Aalto University Secure Systems research group has found that many of the hate speech detectors used by some websites can be easily tricked by humans. People can easily render these detectors useless using simple tricks like no spaces, or adding the word "love” to their comment. Even detectors that use machine learning can be fooled with this trick.
Bad grammar and awkward spelling can easily trick artificial intelligence (AI) systems that were created to detect and delete hate speech. The team tested seven state-of-the-art AI detectors during their study and all of them were fooled with simple tricks.
"We inserted typos, changed word boundaries or added neutral words to the original hate speech. Removing spaces between words was the most powerful attack, and a combination of these methods was effective even against Google's comment-ranking system Perspective," says Tommi Gröndahl, a doctoral student at Aalto University.
Google Perspective was one of the systems that the team tested.
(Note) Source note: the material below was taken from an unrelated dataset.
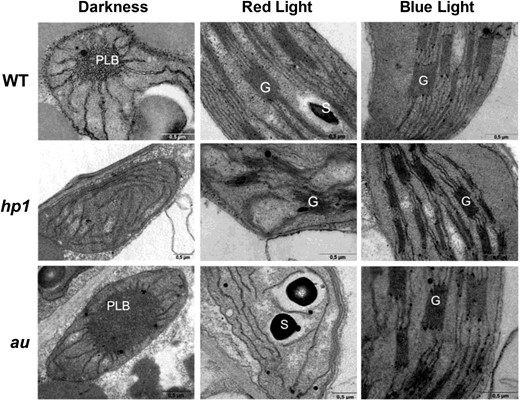 Plastid structure in cotyledon cells of tomato photomorphogenic mutants exposed to distinct light conditions. Wild-type (WT), hp1, and au seedlings dark grown for 120 h were either kept in darkness or transferred to continuous red light (RL) or blue light (BL) treatment for 72 h before ultrastructural analysis. G, Granal thylakoid; S, Starch; PLB, prolamellar body. Bars = 0.5 µm.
In a 2017 study, a team from the University of Washington tested Google Perspective and found that it was easily fooled by simple misspellings. Since then, the system has been updated to detect misspellings, but the Aalto University team found that it can still be tricked by other word modifications. Comments like “I hate you” are detected by the system, while comments like “ihateyou love” go undetected and are allowed to be posted.
Another problem is the system cannot determine context. Context is key to determining if a comment is hate speech or if it is just an offensive comment. The next step for hate speech detector developers is to create systems that can determine the context of the comment.
The research team also believes that developers need to focus on the data set they are presenting the machine learning system. They say that the data sets provided need to have improved quality, with typos, tricks and context included.
The paper on this study can be access on the Cornell University website.